Data records:
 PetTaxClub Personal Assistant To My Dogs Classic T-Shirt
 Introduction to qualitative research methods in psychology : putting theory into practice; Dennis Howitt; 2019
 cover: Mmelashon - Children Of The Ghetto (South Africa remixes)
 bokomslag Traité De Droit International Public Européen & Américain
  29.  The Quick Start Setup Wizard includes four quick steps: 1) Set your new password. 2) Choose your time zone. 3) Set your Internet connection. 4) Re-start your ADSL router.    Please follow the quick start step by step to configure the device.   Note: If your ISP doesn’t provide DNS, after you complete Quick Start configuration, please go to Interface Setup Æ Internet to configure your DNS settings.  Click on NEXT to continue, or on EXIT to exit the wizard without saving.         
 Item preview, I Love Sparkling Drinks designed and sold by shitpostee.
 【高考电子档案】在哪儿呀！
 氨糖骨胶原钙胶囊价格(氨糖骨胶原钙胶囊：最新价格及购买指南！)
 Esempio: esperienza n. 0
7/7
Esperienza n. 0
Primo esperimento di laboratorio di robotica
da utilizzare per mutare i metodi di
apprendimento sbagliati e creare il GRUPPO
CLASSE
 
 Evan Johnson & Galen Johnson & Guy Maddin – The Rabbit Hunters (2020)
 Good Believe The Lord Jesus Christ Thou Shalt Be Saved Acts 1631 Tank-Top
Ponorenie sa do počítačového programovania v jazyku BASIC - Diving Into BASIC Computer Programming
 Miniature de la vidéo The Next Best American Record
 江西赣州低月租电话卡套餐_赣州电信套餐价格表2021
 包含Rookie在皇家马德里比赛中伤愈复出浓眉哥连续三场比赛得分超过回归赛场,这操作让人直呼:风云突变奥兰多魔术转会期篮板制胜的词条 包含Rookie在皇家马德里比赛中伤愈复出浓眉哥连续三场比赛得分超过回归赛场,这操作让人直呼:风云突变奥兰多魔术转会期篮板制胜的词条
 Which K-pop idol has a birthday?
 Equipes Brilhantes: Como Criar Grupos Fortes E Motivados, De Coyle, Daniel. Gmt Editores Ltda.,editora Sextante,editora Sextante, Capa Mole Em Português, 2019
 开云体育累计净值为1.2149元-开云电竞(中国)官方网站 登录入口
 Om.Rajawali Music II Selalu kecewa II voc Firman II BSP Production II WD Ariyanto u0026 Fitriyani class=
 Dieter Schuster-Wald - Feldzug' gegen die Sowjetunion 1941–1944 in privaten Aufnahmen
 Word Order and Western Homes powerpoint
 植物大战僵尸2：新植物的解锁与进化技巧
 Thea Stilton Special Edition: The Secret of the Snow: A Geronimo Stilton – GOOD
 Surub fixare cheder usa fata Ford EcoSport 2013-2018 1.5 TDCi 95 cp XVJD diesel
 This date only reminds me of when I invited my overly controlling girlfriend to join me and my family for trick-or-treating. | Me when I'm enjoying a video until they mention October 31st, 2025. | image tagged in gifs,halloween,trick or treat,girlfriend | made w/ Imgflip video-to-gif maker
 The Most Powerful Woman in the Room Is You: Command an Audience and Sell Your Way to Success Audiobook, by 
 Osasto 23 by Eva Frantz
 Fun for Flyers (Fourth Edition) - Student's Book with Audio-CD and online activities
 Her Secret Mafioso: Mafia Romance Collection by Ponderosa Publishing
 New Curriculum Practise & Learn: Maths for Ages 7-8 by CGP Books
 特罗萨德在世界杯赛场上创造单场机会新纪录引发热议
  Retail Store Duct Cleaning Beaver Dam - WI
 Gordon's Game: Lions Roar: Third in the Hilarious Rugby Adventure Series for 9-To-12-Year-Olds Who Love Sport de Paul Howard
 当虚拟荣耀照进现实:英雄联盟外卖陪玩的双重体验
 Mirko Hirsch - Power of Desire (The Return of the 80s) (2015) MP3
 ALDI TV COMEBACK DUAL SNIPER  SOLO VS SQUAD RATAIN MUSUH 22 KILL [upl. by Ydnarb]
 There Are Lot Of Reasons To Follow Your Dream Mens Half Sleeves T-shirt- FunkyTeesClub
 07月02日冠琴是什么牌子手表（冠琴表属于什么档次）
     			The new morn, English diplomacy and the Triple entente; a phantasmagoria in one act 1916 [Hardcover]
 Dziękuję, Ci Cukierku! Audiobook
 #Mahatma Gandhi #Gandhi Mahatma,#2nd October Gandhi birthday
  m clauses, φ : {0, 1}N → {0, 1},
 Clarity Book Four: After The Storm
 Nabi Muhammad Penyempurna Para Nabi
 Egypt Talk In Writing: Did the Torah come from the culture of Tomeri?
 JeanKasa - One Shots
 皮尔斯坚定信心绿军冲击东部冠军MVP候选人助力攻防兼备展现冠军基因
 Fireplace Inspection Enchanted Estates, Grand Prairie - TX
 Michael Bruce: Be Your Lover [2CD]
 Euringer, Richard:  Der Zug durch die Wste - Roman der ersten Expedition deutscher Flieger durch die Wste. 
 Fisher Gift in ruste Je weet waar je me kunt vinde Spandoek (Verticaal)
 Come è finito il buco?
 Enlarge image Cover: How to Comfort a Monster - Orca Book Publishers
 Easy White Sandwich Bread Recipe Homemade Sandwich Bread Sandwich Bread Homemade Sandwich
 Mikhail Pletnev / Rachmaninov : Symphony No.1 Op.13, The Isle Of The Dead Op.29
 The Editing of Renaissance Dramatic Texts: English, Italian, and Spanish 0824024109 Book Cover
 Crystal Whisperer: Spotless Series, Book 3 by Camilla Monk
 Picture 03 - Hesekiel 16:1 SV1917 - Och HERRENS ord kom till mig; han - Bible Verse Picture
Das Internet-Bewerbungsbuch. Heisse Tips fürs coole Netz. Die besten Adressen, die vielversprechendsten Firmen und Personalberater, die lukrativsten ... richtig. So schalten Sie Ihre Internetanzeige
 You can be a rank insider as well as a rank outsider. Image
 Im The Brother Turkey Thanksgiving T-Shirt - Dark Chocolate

__WORK REQUIRED__
Looking at the entries above, can you reproduce exactly the lines from the one that holds "JeanKasa - One Shots" through the one that holds "Picture 03 - Hesekiel", and only those?

__RESULT__
 JeanKasa - One Shots
 皮尔斯坚定信心绿军冲击东部冠军MVP候选人助力攻防兼备展现冠军基因
 Fireplace Inspection Enchanted Estates, Grand Prairie - TX
 Michael Bruce: Be Your Lover [2CD]
 Euringer, Richard:  Der Zug durch die Wste - Roman der ersten Expedition deutscher Flieger durch die Wste. 
 Fisher Gift in ruste Je weet waar je me kunt vinde Spandoek (Verticaal)
 Come è finito il buco?
 Enlarge image Cover: How to Comfort a Monster - Orca Book Publishers
 Easy White Sandwich Bread Recipe Homemade Sandwich Bread Sandwich Bread Homemade Sandwich
 Mikhail Pletnev / Rachmaninov : Symphony No.1 Op.13, The Isle Of The Dead Op.29
 The Editing of Renaissance Dramatic Texts: English, Italian, and Spanish 0824024109 Book Cover
 Crystal Whisperer: Spotless Series, Book 3 by Camilla Monk
 Picture 03 - Hesekiel 16:1 SV1917 - Och HERRENS ord kom till mig; han - Bible Verse Picture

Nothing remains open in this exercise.